Policy Iteration for Exploratory Hamilton--Jacobi--Bellman Equations
Hung Vinh Tran, Zhenhua Wang, Yuming Paul Zhang
TL;DR
The paper develops a rigorous convergence theory for policy iteration applied to entropy-regularized exploratory HJB equations on infinite horizon with large discount. It establishes uniform $C^{2,\alpha}$ regularity for PIA iterates under bounded coefficients with diffusion-control smallness, and proves convergence with quantitative rates; it also treats unbounded coefficients by proving well-posedness of the exploratory HJB and proving convergence of PIA using locally uniform $C^{1,\alpha}$ estimates. In the unbounded-diffusion setting with diffusion independent of control, interior $W^{2,p}$ estimates yield monotone convergence of the PIA iterates to the HJB solution, with the policy iterates converging to the optimal relaxed policy, all verified via viscosity-solution stability.
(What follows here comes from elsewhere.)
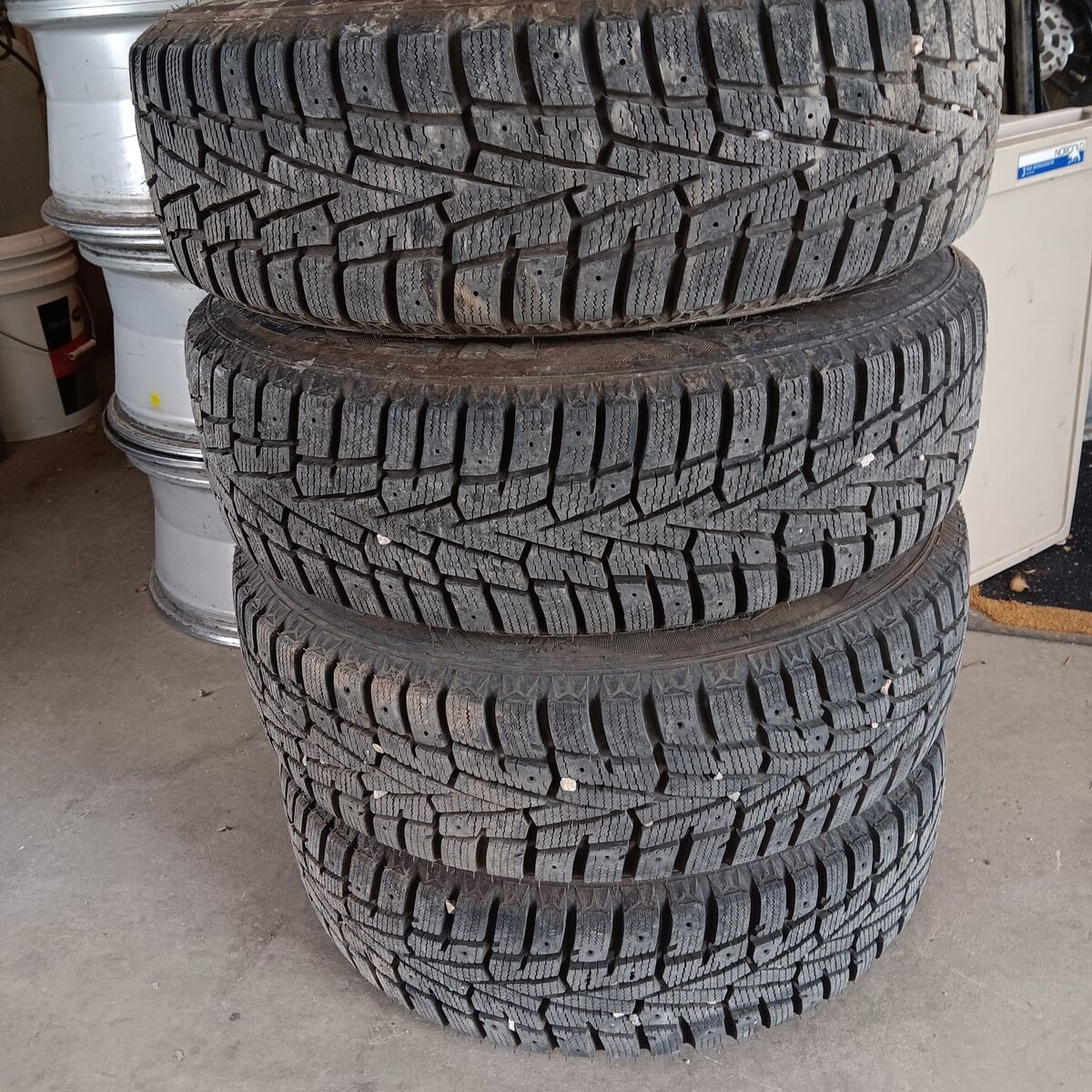 4 -185/65/14  Snow Tires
Together, the results broaden the applicability of PIA to nonlinear, fully nonlinear HJB equations arising in entropy-regularized stochastic control and reinforcement learning, including regimes with unbounded data and diffusion terms.
Abstract
We study the policy iteration algorithm (PIA) for entropy-regularized stochastic control problems on an infinite time horizon with a large discount rate, focusing on two main scenarios. First, we analyze PIA with bounded coefficients where the controls applied to the diffusion term satisfy a smallness condition. We demonstrate the convergence of PIA based on a uniform $\mathcal{C}^{2,α}$ estimate for the value sequence generated by PIA, and provide a quantitative convergence analysis for this scenario. Second, we investigate PIA with unbounded coefficients but no control over the diffusion term. In this scenario, we first provide the well-posedness of the exploratory Hamilton--Jacobi--Bellman equation with linear growth coefficients and polynomial growth reward function. By such a well-posedess result we achieve PIA's convergence by establishing a quantitative locally uniform $\mathcal{C}^{1,α}$ estimates for the generated value sequence.